Exercise requirements » Before copying, remove every picture, and then repeat all entries below precisely as written.

[Web page caption snippets]
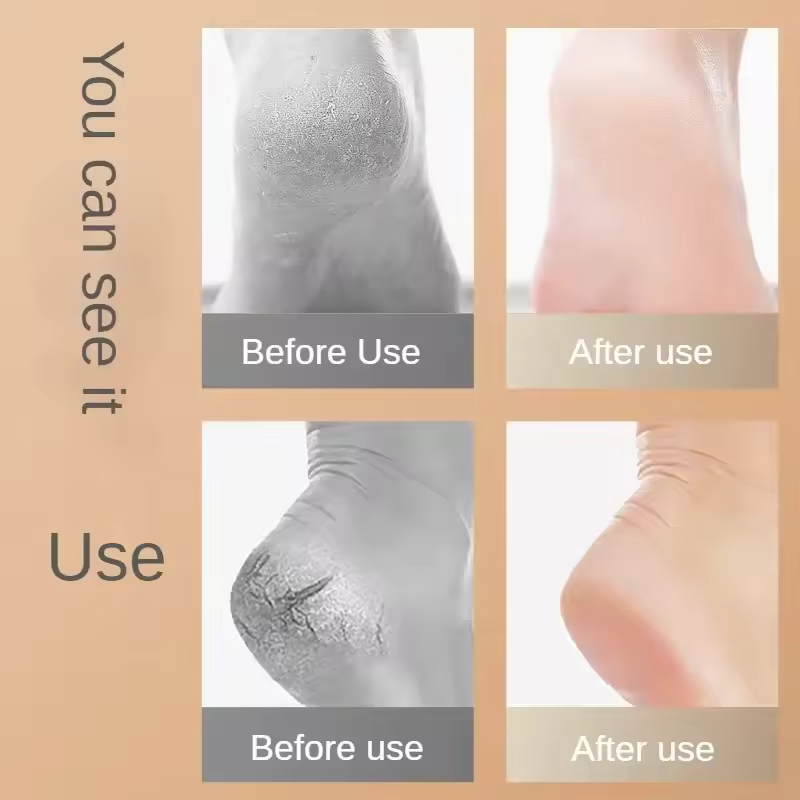 Heel Moisturizing Socks, Softens and Prevents Cracked Heels, Exfoliating Heel Protectors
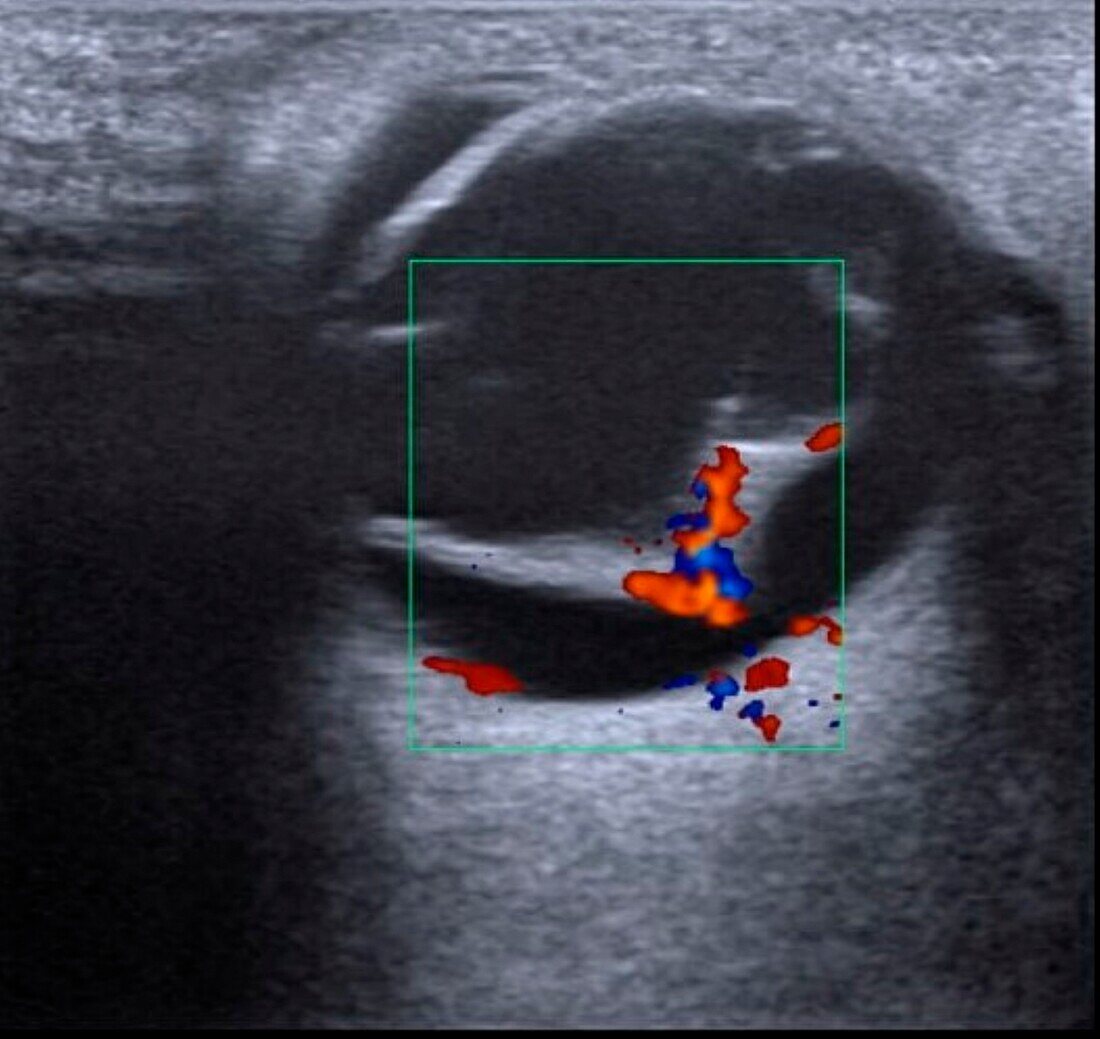 Detached retina, ultrasound scan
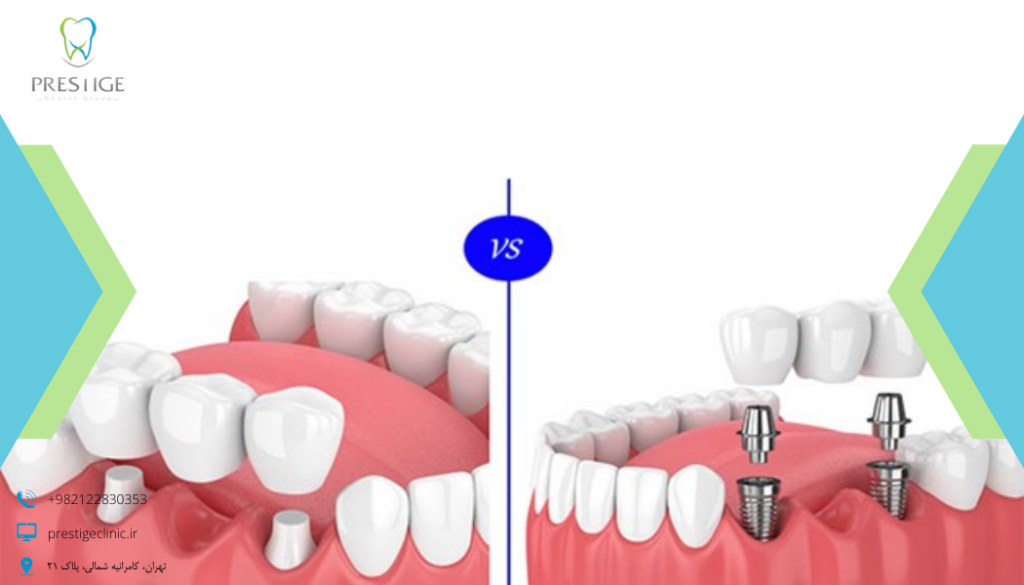 ایمپلنت دندان- کلینیک دندانپزشکی پرستیژ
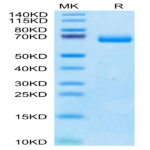 Human IL-2 R beta/CD122 Protein (CD1-HM222)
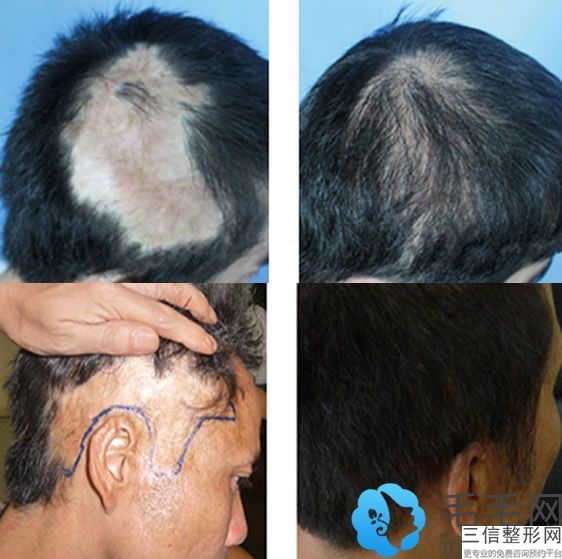 重庆植发正规医院排名前三有哪些,2022重庆新沐医疗美容医院锁定前十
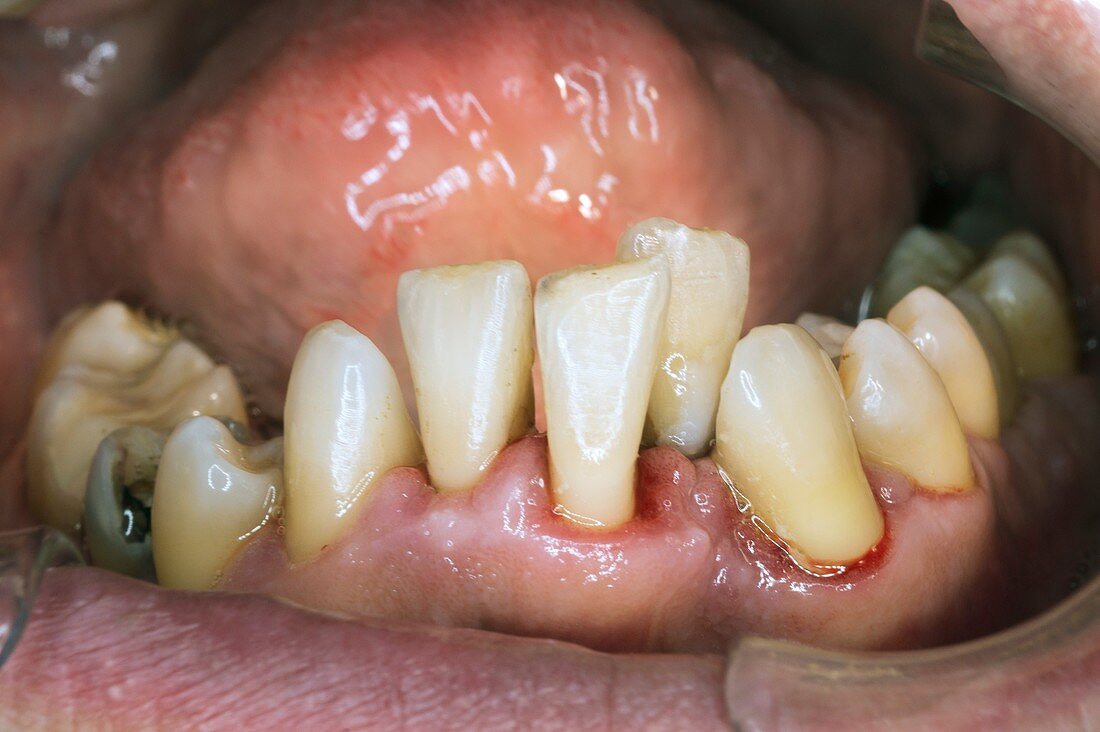 Teeth after ultrasonic cleaning
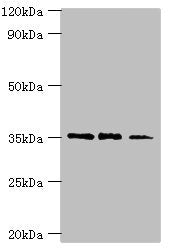 Western blot | All lanes: FOSL2 antibody at 8μg/ml | Lane 1: MCF-7 whole cell lysate | Lane 2: Jurkat whole cell lysate | Lane 3: PC-3 whole cell lysate | Secondary | Goat polyclonal to rabbit IgG at 1/10000 dilution | Predicted band size: 36, 35, 32 kDa | Observed band size: 36 kDaRabbit anti-Human FOSL2 Polyclonal Antibody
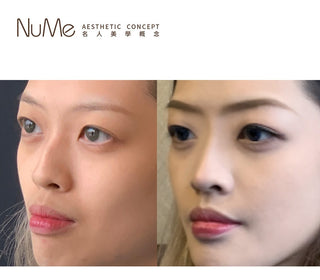韓式 4D Misko 美鼻頭療程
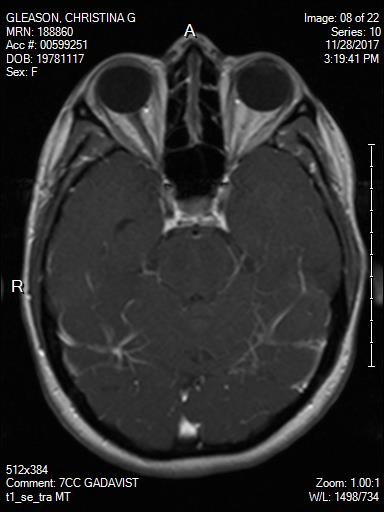 Brain MRI showing optic nerve in black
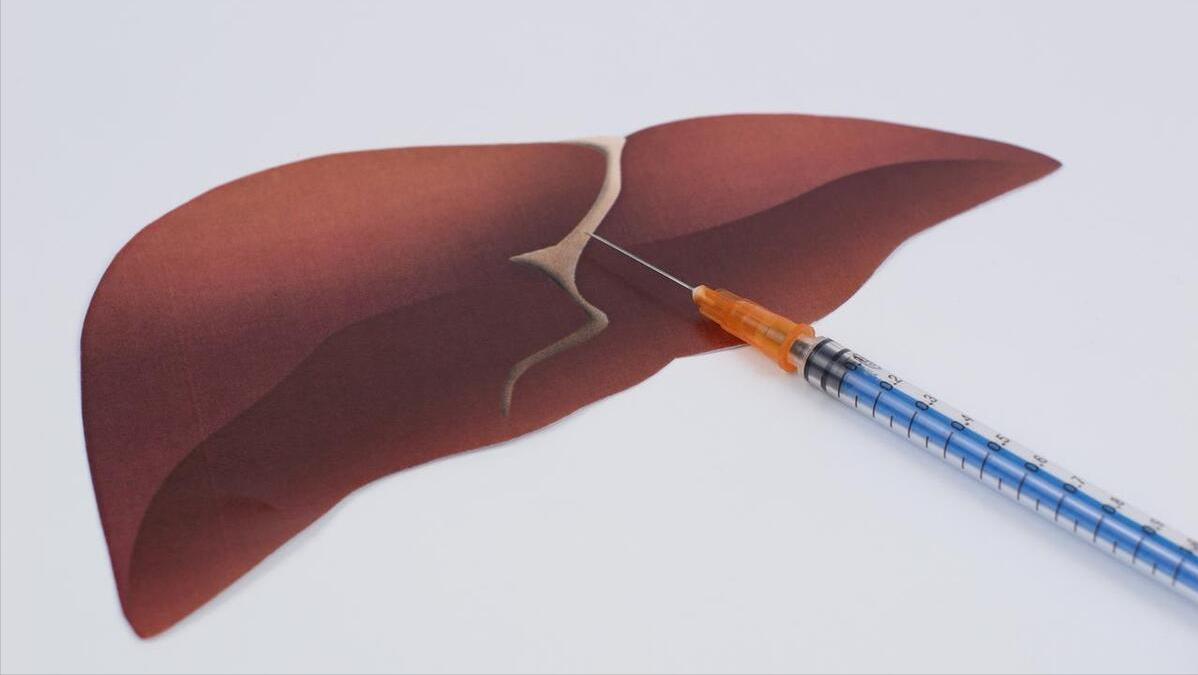 谷丙转氨酶和谷草转氨酶高好治吗,谷丙转氨酶高和谷草转氨酶的区别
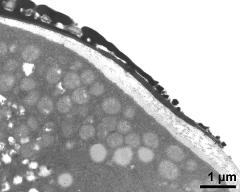 pollen wall at transition of aperture and interapertural area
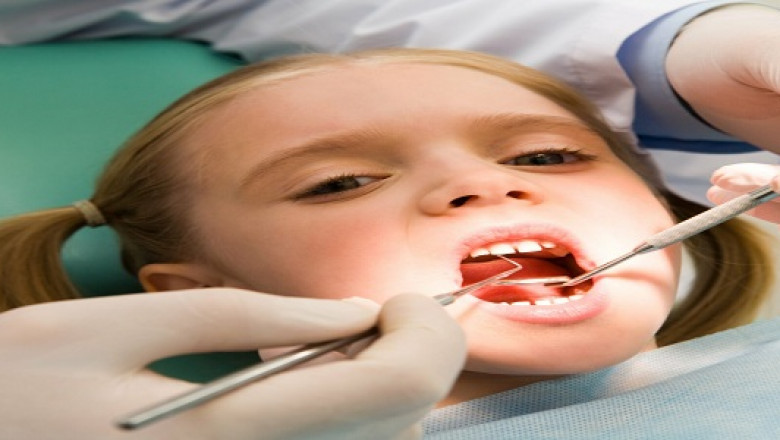 Who is the best one to do an implant?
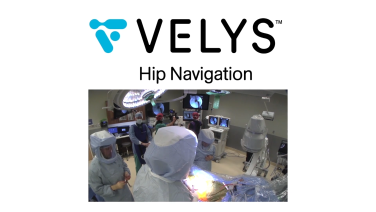 Image from VELYS Hip Navigation Workflow - Andrew Cooper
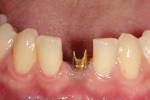 Fig 7. Abutment was tried in the mouth for verification.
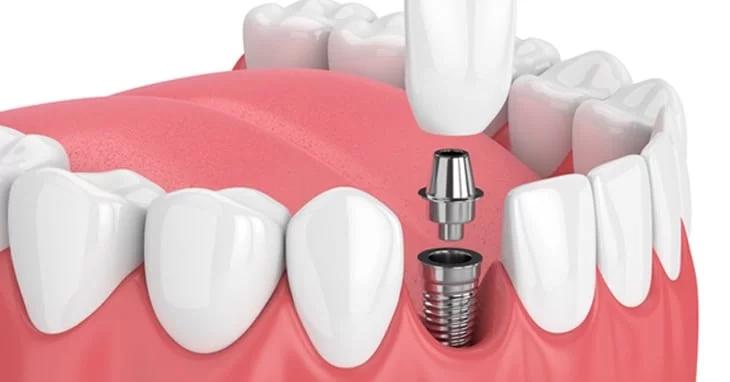 Implante Dentário é com a Sempre Sorrindo: a maior rede odontológica do interior de SP oferece o tratamento que transforma sorrisos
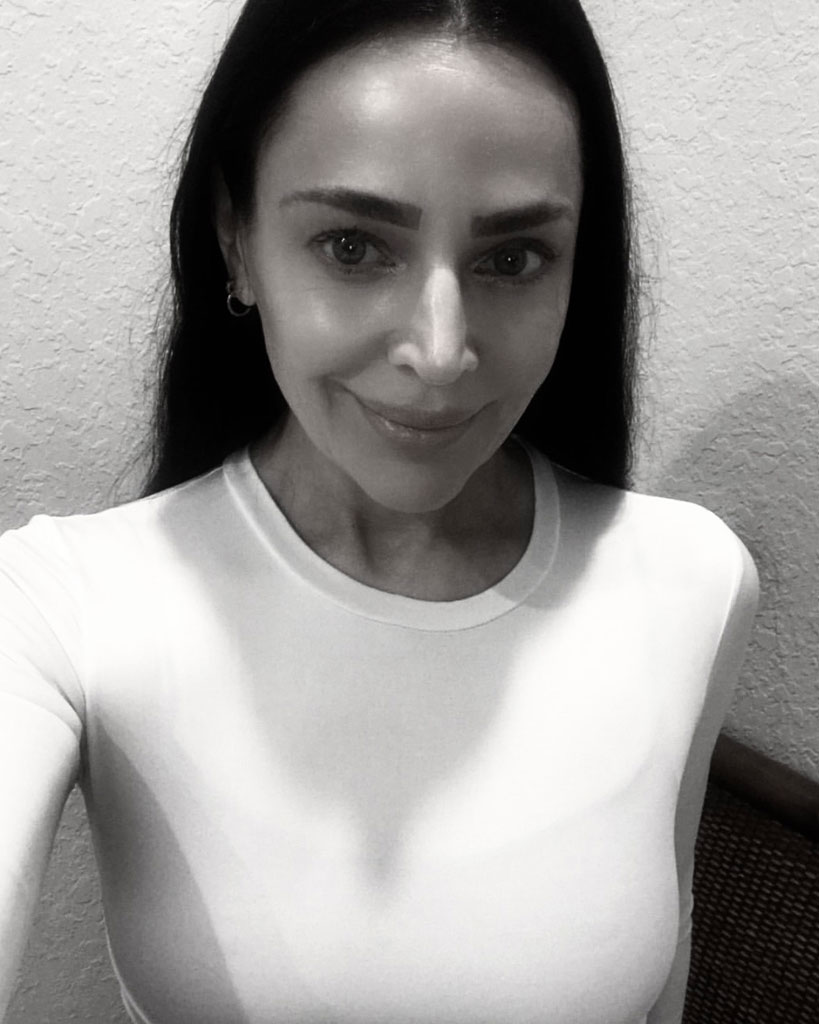 Cosmetic Dermal Fillers Fort Lauderdale FL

The completed task »
 Heel Moisturizing Socks, Softens and Prevents Cracked Heels, Exfoliating Heel Protectors
 Detached retina, ultrasound scan
 ایمپلنت دندان- کلینیک دندانپزشکی پرستیژ
 Human IL-2 R beta/CD122 Protein (CD1-HM222)
 重庆植发正规医院排名前三有哪些,2022重庆新沐医疗美容医院锁定前十
 Teeth after ultrasonic cleaning
 Western blot | All lanes: FOSL2 antibody at 8μg/ml | Lane 1: MCF-7 whole cell lysate | Lane 2: Jurkat whole cell lysate | Lane 3: PC-3 whole cell lysate | Secondary | Goat polyclonal to rabbit IgG at 1/10000 dilution | Predicted band size: 36, 35, 32 kDa | Observed band size: 36 kDaRabbit anti-Human FOSL2 Polyclonal Antibody
韓式 4D Misko 美鼻頭療程
 Brain MRI showing optic nerve in black
 谷丙转氨酶和谷草转氨酶高好治吗,谷丙转氨酶高和谷草转氨酶的区别
 pollen wall at transition of aperture and interapertural area
 Who is the best one to do an implant?
 Image from VELYS Hip Navigation Workflow - Andrew Cooper
 Fig 7. Abutment was tried in the mouth for verification.
 Implante Dentário é com a Sempre Sorrindo: a maior rede odontológica do interior de SP oferece o tratamento que transforma sorrisos
 Cosmetic Dermal Fillers Fort Lauderdale FL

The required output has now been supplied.